Salah satu langkah yang ditawarkan adalah membuka akses lebih luas bagi mahasiswa Palestina untuk menempuh pendidikan di Lampung, termasuk di Universitas Lampung. Pemprov bahkan tengah membantu pengurusan dokumen mahasiswa asal Gaza yang saat ini menempuh studi di daerah tersebut.
Selain pendidikan, Pemprov Lampung juga mendorong kerja sama ekonomi dengan membuka peluang investasi dan usaha bagi pelaku bisnis Palestina di daerah.
Mirza menilai, kolaborasi ini dapat menjadi solusi alternatif untuk membantu penguatan ekonomi rakyat Palestina di tengah keterbatasan akibat konflik berkepanjangan.
“Kalau mereka berkembang di sini, dampaknya juga akan membantu saudara mereka di Palestina,” katanya.

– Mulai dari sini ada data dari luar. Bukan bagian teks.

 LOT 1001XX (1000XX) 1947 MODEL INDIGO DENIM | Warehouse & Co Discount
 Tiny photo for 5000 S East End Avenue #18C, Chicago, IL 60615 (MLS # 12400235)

Pemerintah daerah juga berencana mempertemukan pengusaha Lampung dengan pelaku usaha Palestina guna membangun jaringan bisnis lintas negara berbasis kemitraan.
Sementara itu, Abdalfatah menyambut positif langkah tersebut dan menyatakan kesiapan untuk menjembatani kerja sama antara kedua pihak.

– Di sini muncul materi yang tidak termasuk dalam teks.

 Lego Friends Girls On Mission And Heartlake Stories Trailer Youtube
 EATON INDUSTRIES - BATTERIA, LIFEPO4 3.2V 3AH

Ia juga menggambarkan kondisi terkini di Gaza yang masih menghadapi krisis kemanusiaan serius, mulai dari keterbatasan pangan hingga kerusakan infrastruktur akibat konflik.

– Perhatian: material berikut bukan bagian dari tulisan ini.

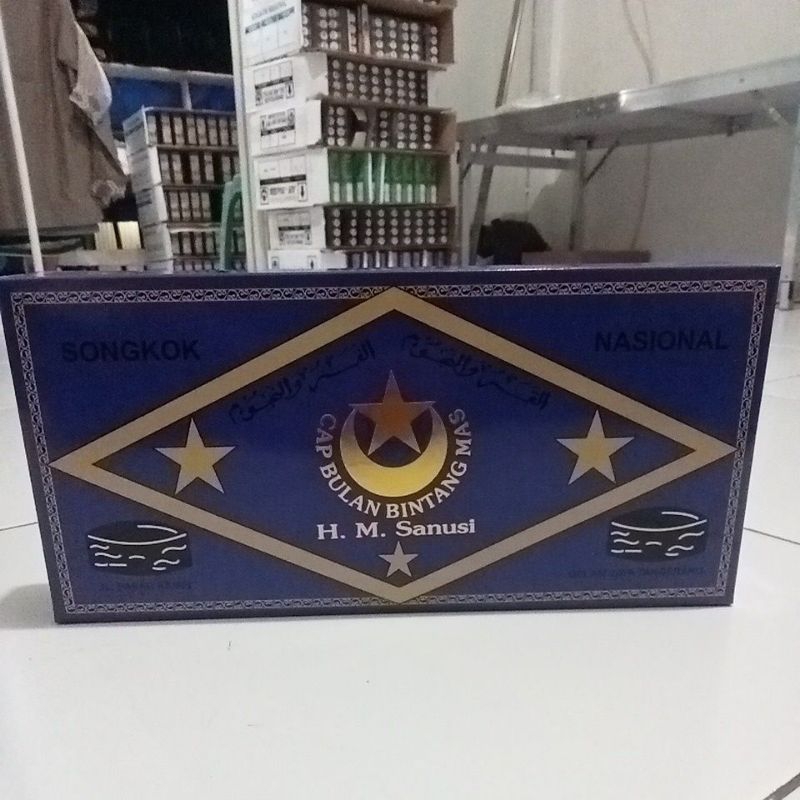 SONGKOK BULAN BINTANG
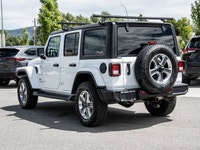 Keyless Ignition - Backup Camera - Removable Roof Panels - Roof Rack The 2021 Jeep Wrangler Unlimite... (image 6)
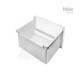 Tiroir congelateur 0060830575 pour refrigerateur Haier 49054387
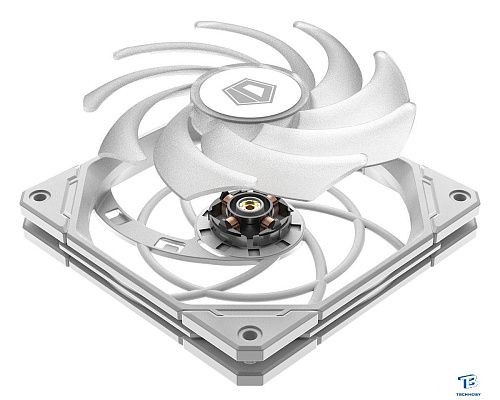 картинка Кулер ID-Cooling NO-12015-XT-ARGB SNOW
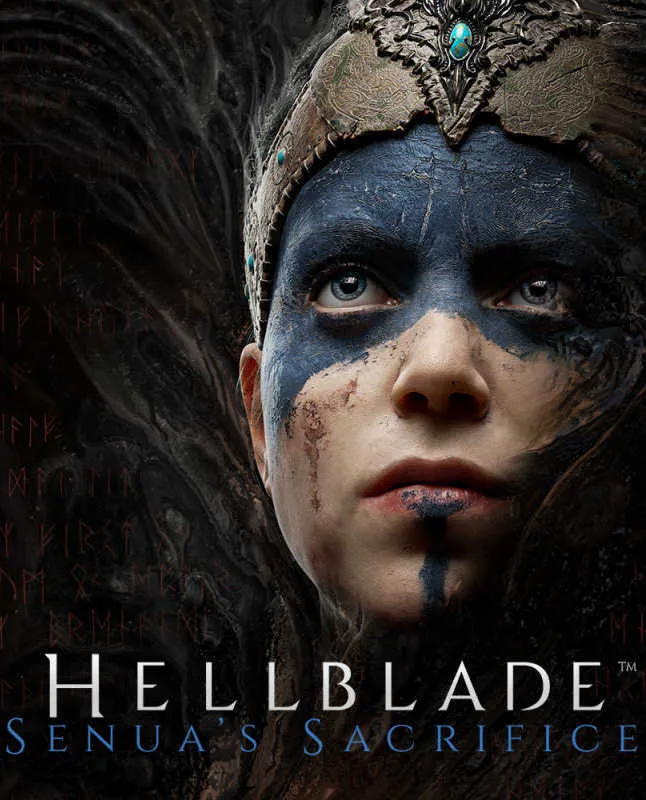 Обложка игры Hellblade: Senua’s Sacrifice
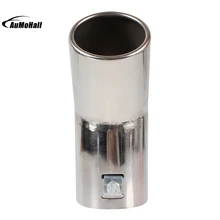 Car Styling Car Accessories Stainless Steel Automobile Exhaust Pipe Tail Pipes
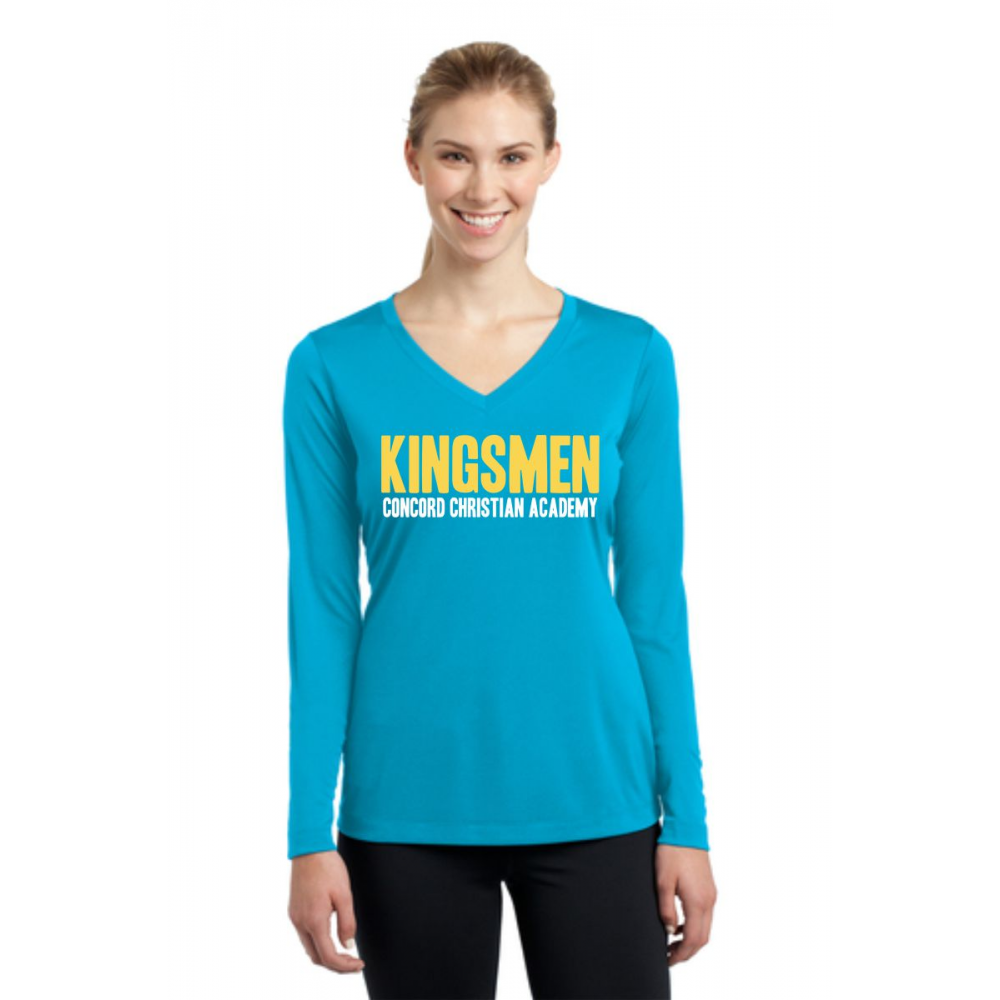 KINGSMEN LST353LS atomic blue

Meski demikian, ia menegaskan bahwa rakyat Palestina tetap memiliki harapan untuk merdeka dan bangkit.
“Kami mungkin kehilangan banyak hal, tetapi tidak kehilangan harapan,” ujarnya.
Abdalfatah turut mengapresiasi konsistensi Indonesia dalam mendukung Palestina di berbagai forum internasional, termasuk di Perserikatan Bangsa-Bangsa.
Langkah yang diambil Pemprov Lampung ini dinilai sebagai bentuk konkret peran daerah dalam diplomasi kemanusiaan, sekaligus memperluas kontribusi Indonesia dalam isu global di luar jalur pemerintah pusat.